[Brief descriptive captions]
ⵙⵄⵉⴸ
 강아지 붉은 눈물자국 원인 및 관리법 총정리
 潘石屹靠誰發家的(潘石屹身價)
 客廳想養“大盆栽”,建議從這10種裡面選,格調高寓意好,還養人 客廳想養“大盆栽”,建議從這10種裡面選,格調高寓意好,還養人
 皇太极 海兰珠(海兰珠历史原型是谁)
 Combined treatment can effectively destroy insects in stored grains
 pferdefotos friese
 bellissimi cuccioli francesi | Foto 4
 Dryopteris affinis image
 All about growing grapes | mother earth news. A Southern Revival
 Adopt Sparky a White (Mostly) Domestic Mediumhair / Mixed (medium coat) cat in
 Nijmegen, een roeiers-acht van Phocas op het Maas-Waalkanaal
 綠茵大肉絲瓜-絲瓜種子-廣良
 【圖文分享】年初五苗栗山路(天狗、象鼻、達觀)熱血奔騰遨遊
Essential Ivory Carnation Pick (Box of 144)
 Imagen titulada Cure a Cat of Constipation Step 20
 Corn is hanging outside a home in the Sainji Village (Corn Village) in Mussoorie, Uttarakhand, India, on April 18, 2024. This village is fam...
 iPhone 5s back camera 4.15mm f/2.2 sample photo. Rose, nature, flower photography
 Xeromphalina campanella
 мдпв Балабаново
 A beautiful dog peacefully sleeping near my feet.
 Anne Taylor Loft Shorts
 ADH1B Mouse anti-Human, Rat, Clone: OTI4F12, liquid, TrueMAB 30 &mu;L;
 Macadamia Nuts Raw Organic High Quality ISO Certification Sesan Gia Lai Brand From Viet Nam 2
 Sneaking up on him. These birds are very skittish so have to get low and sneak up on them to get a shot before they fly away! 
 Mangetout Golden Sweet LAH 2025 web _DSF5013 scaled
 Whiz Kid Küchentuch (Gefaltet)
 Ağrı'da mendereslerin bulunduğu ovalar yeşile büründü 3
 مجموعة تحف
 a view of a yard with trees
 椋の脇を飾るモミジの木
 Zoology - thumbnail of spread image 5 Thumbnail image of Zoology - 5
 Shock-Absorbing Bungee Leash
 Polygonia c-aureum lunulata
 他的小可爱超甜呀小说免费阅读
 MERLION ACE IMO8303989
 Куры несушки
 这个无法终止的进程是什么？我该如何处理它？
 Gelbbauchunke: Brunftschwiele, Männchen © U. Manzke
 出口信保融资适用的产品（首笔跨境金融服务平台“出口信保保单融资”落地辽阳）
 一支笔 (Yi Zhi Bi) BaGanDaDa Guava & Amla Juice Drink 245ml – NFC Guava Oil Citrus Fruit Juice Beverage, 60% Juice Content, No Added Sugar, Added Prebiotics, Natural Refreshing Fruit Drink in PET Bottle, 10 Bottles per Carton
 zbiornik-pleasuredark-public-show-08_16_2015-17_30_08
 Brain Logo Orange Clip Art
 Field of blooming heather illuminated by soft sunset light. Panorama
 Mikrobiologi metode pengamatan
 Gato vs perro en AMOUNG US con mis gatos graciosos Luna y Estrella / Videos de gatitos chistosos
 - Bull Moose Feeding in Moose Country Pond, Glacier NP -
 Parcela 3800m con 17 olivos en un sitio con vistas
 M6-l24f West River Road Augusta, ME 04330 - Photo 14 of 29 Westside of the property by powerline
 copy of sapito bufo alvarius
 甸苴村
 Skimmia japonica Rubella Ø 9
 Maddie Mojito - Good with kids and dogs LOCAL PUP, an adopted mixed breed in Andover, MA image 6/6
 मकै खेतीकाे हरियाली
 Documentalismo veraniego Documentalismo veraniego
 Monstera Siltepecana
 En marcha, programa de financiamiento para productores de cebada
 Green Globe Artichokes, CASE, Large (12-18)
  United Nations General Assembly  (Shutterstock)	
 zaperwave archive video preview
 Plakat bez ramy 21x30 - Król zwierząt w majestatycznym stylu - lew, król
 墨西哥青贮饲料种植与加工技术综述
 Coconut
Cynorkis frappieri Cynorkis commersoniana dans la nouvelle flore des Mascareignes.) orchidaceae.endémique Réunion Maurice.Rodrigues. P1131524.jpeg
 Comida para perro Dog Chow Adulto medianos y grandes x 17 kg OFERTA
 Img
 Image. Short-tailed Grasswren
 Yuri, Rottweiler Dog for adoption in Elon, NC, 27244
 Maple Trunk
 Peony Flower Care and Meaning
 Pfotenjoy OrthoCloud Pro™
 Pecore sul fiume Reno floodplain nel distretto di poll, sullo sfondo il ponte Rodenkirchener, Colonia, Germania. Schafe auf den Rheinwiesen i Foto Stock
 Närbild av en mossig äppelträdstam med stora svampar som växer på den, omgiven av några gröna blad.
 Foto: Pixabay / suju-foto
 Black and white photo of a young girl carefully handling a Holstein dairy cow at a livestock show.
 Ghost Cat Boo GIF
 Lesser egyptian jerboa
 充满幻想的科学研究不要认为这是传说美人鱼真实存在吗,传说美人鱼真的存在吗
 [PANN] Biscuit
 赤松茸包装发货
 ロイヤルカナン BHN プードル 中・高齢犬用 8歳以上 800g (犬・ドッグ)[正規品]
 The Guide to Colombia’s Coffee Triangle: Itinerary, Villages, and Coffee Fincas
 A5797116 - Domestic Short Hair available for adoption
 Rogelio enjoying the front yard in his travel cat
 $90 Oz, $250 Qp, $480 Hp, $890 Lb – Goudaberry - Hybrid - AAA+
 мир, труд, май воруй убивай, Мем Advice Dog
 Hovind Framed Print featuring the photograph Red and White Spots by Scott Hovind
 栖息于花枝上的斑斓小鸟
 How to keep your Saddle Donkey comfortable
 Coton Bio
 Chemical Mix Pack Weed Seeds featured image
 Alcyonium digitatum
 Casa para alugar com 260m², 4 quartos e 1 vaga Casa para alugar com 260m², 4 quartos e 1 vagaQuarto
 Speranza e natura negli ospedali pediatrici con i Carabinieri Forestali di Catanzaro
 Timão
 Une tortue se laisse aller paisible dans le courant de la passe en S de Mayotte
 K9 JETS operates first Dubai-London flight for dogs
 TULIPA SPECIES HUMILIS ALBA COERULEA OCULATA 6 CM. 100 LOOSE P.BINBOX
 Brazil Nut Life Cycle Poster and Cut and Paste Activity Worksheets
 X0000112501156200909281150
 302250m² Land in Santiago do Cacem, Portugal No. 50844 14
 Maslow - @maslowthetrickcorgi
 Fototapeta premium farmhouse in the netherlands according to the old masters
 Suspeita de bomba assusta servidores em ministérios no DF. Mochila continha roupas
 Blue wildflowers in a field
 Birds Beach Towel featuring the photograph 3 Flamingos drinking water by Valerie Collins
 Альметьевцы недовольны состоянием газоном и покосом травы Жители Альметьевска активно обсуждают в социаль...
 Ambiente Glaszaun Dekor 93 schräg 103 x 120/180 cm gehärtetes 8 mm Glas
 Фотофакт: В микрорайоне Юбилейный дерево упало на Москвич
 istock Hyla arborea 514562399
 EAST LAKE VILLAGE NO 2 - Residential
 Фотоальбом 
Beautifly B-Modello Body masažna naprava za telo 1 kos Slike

WORK ORDER:
Of all the entries above, retype exactly the lines from the line with "Polygonia c-aureum lunulata" to the line with "一支笔 (Yi Zhi", both included, and no others.

OUTPUT FOR THIS EXERCISE:
 Polygonia c-aureum lunulata
 他的小可爱超甜呀小说免费阅读
 MERLION ACE IMO8303989
 Куры несушки
 这个无法终止的进程是什么？我该如何处理它？
 Gelbbauchunke: Brunftschwiele, Männchen © U. Manzke
 出口信保融资适用的产品（首笔跨境金融服务平台“出口信保保单融资”落地辽阳）
 一支笔 (Yi Zhi Bi) BaGanDaDa Guava & Amla Juice Drink 245ml – NFC Guava Oil Citrus Fruit Juice Beverage, 60% Juice Content, No Added Sugar, Added Prebiotics, Natural Refreshing Fruit Drink in PET Bottle, 10 Bottles per Carton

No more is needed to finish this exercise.